H. Roe Bartle
Harold Roe Bennett Sturdevant Bartle grew up in the coal mining towns of Virginia, the son of a poor minister. Bartle's life plan included the pursuit of a law degree to escape the poverty of his childhood. Once he had achieved financial security, he vowed, he would devote his life to public service. He worked as a lawyer until World War I called him to the infantry. By investing nearly all of his army pay after the war in oil, lands, and banks, he was able to retire from the practice of law and join the staff of the Boy Scouts.
Bartle's service with the Boy Scouts took him and his family to Wyoming, St. Joseph, and finally here as the Executive of the Kansas City Area Council in 1929. His accomplishments included establishing the elite Tribe of Mic-O-Say in 1925 and acquiring the Ozark acreage for Camp Osceola (now named the Roe Bartle Reservation) in 1929. Under Bartle, nicknamed "Chief," Boy Scouting in the area flourished and earned nationwide recognition.
Planning retirement in the mid-1950s proved fruitless when Bartle was persuaded to run as a Democratic candidate for mayor in 1955. Despite his reluctance to hold the office and his refusal to malign his opponent, Bartle was easily elected. During his two four-year terms, Kansas City's tax structure was overhauled and 290 square miles were added to the city’s boundaries.
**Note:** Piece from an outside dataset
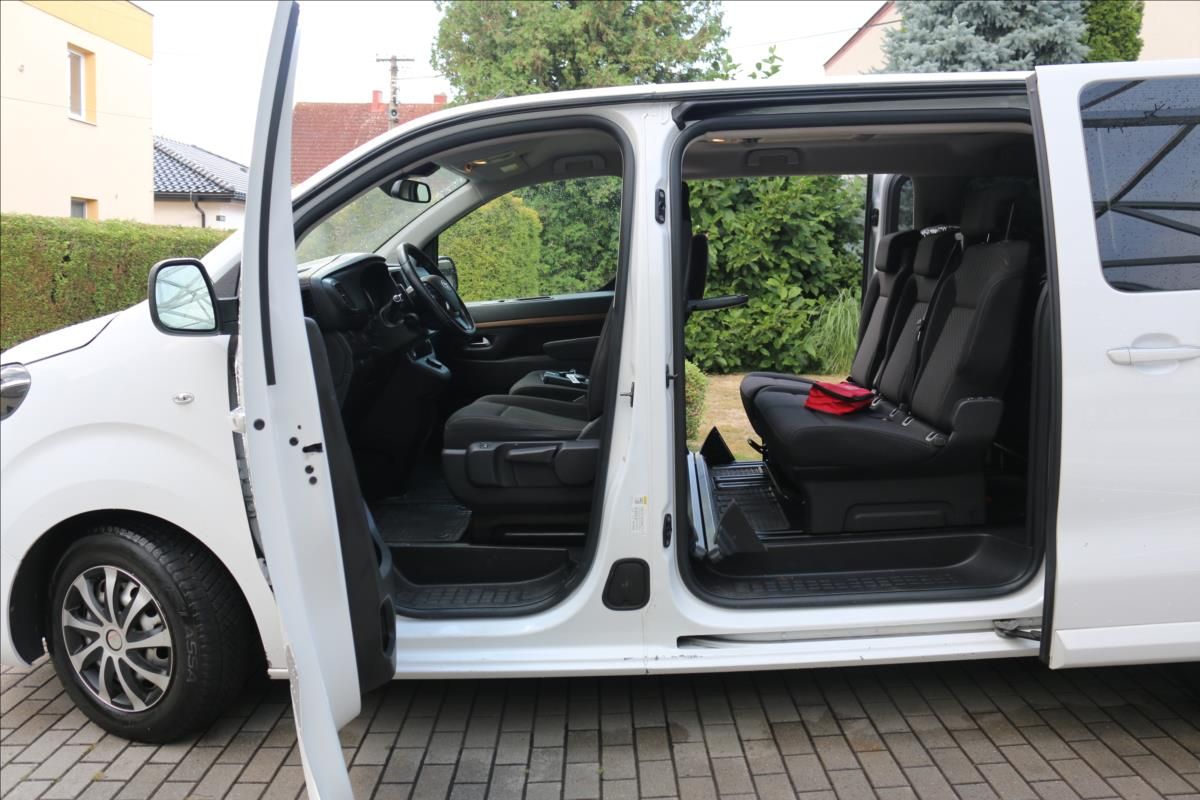 Toyota Proace Verso, 2,0 ČR1.maj.8 míst, DPH,Tažné - fotka 6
Bartle was also instrumental in bringing professional football to town with the Kansas City Chiefs, so named in part to honor Bartle.
After leaving public office in 1963, Bartle continued to promote Kansas City and the importance of youth leadership through speeches and volunteer work. Poor health eventually caught up with the mayor and he died in the spring of 1974.